|Persecution Type:||Islamic oppression|
|Leader:||Prime Minister Imran Khan|
In 1947, the year of the country’s independence, the situation for Christians became more complicated as Pakistan officially became a Muslim state. All Christians suffer from institutionalized discrimination, illustrated by the fact that occupations seen as low, dirty and derogatory are reserved for Christians by the authorities. Many Christians are poor and some are victims of bonded labor. There are middle-class Christians as well, but this does not save them from being marginalized or persecuted.
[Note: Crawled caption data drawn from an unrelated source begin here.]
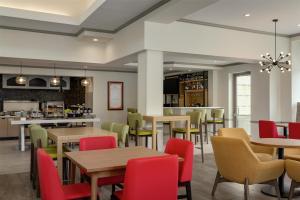 Ресторан / где поесть в Hilton Garden Inn Cleveland Airport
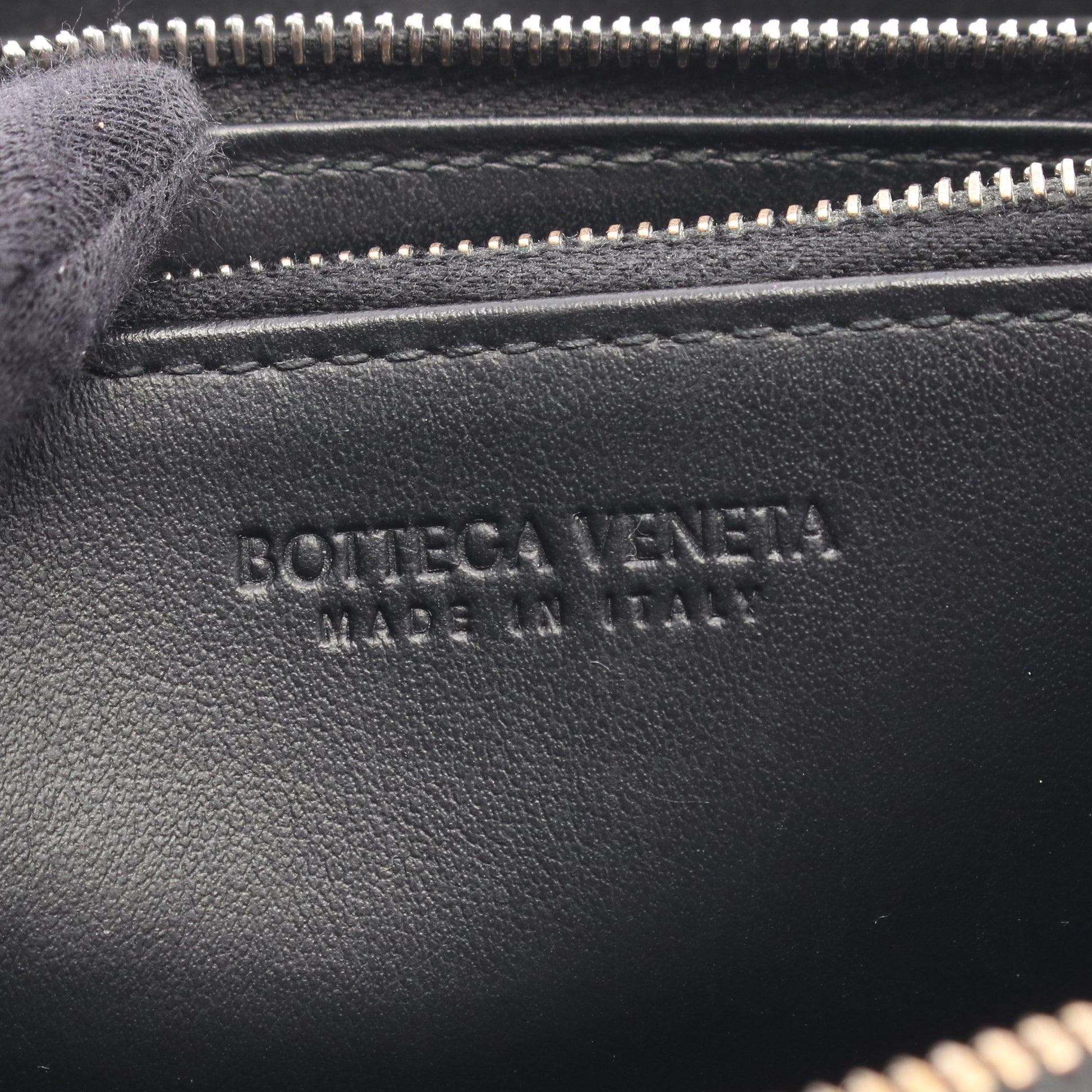 カセット ジップアラウンドウォレット マキシイントレチャート ラウンドファスナー長財布 レザー ブラック ボッテガヴェネタ 財布・小物 BOTTEGA VENETA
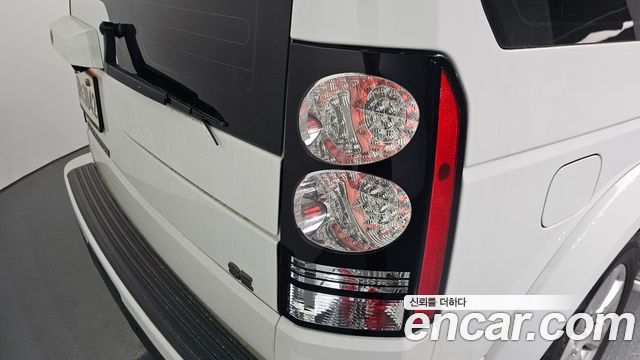 Land Rover Discovery 4 3.0 SDV6 SE 2016 — фото 23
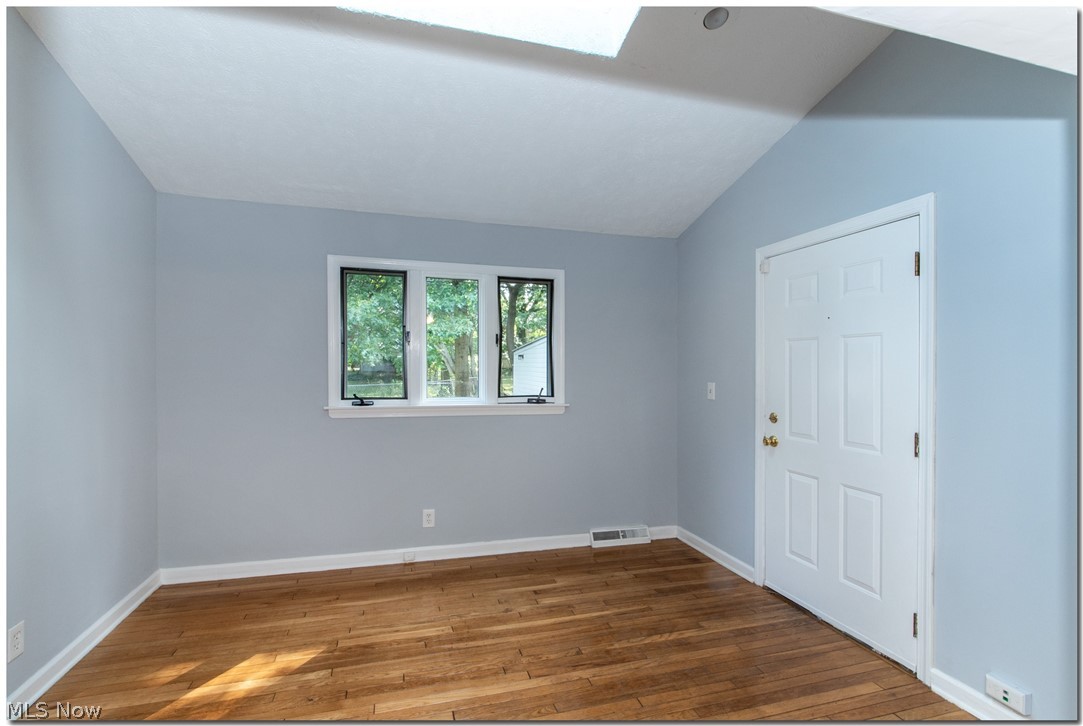 1211 Haselton Road Cleveland Heights, OH 44121 - Photo 11 of 31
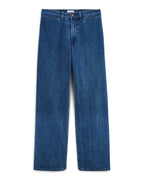 Medium blue denim jeans with straight cut, 100% cotton material, offering comfort and ideal adaptability for all female body shapes.
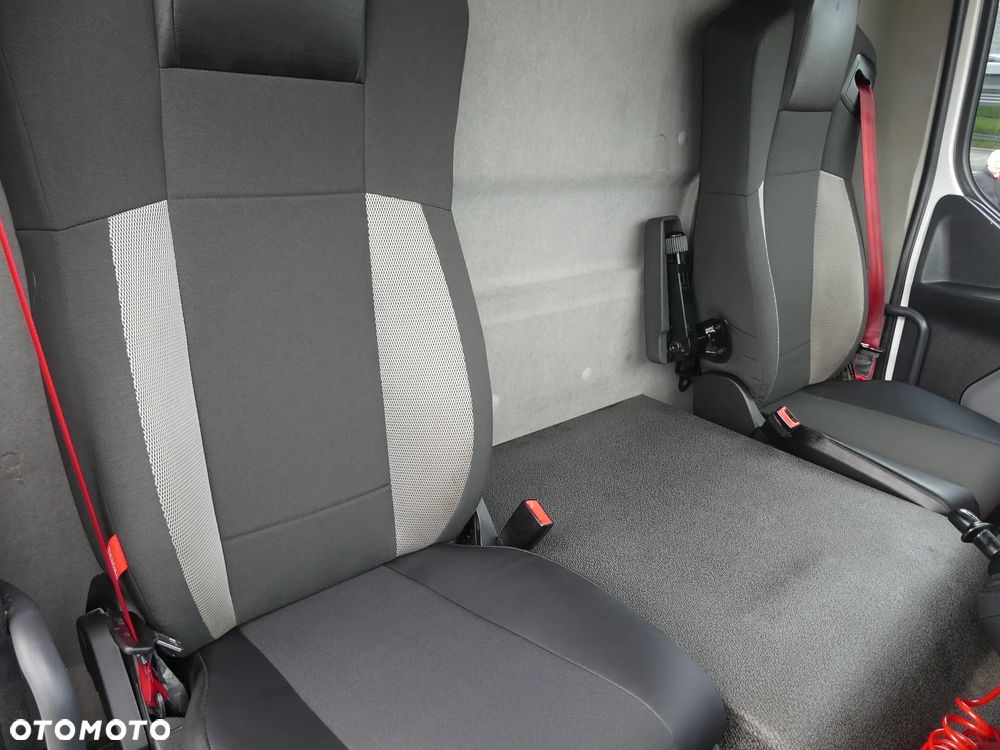 Renault D12 210  / EURO 6 / KONTENER + WINDA / ROLETA / - 33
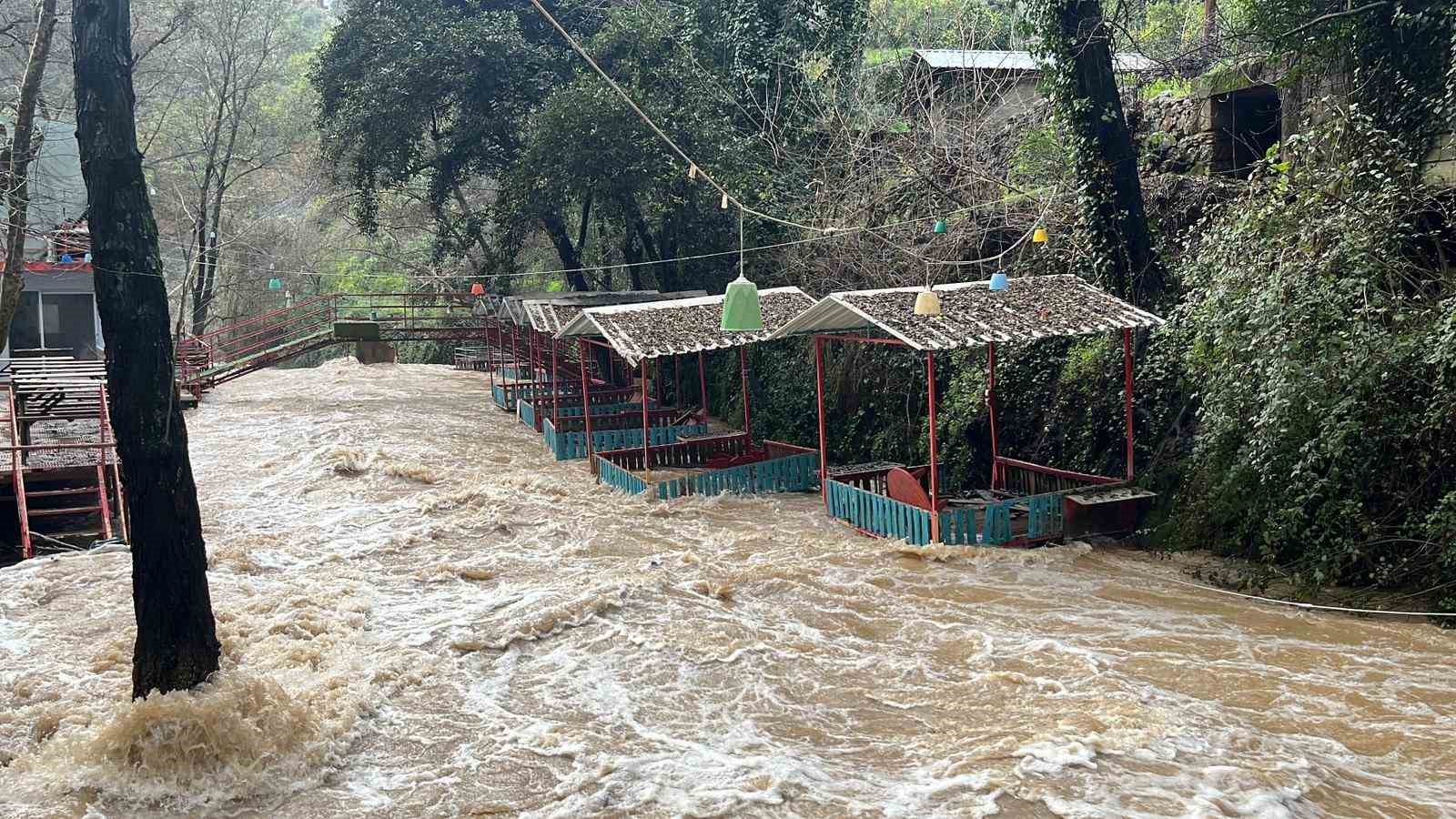 alanyada cay tasti isletmelere ait cardaklar sular altinda kaldi 8 z37EvOPX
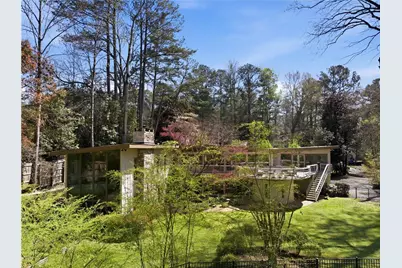 505 Hollydale Court NW, Atlanta, GA 30342 - Photo 97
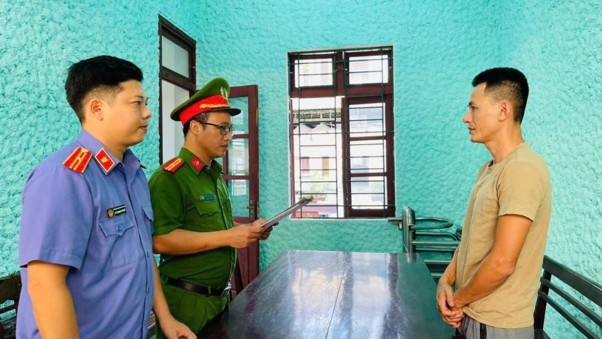 Cơ quan chức năng khởi tố bị can đối với Nguyễn Văn Quỳnh (ảnh CAHT)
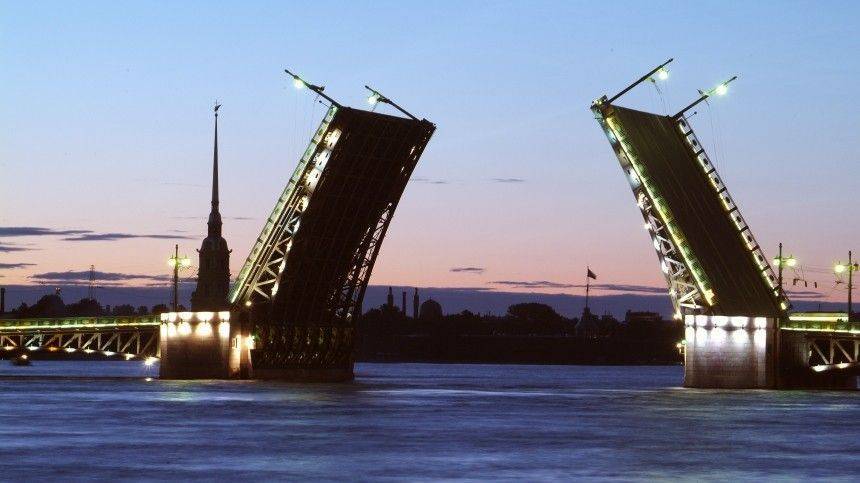 Как Санкт-Петербург отмечает 317-й день рождения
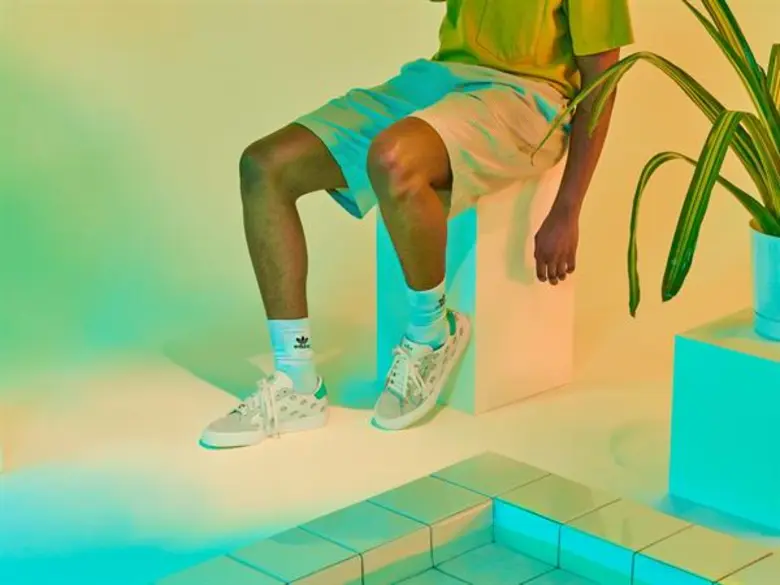 adidas Originals และ AriZona Iced Tea ผนึกกำลัง ส่งสนีกเกอร์ตัวแทนเครื่องดื่ม Arizona 4 รสชาติ นำ 2 โมเดลคลาสสิก Continetal Vulc และ adilette รังสรรดีไซด์สุดล้ำ วางจำหน่ายพร้อมกันแล้ววันนี้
Historic churches (like Anglican or Roman Catholic churches) have relative freedom for worship, but they are heavily monitored, and extremists regularly target them for attacks—the last one occurring in December 2017. Christian churches that are active in outreach and youthwork face more persecution. In general, Christians are regarded as second-class citizens. Also, the country’s anti-blasphemy laws are disproportionately applied against the Christian minority—making it difficult and dangerous to live out one’s faith in public. These laws tend to target religious minorities (including Muslim minorities), but affect the Christian minority in particular given their overall percentage of population.
In May 2019, a landlord killed a Christian worker because he dared to work for another employer, according to a report by Morning Star News. This case illustrates the low social status of most Christians and is just a glimpse of the many similar cases that often go unreported.
Although there have been no major bombing attacks against church buildings in the 2020 World Watch List reporting period, dozens of smaller “everyday attacks” against churches and cemeteries occur. One example is the desecration of the Christian cemetery of Okara on May 12, 2019.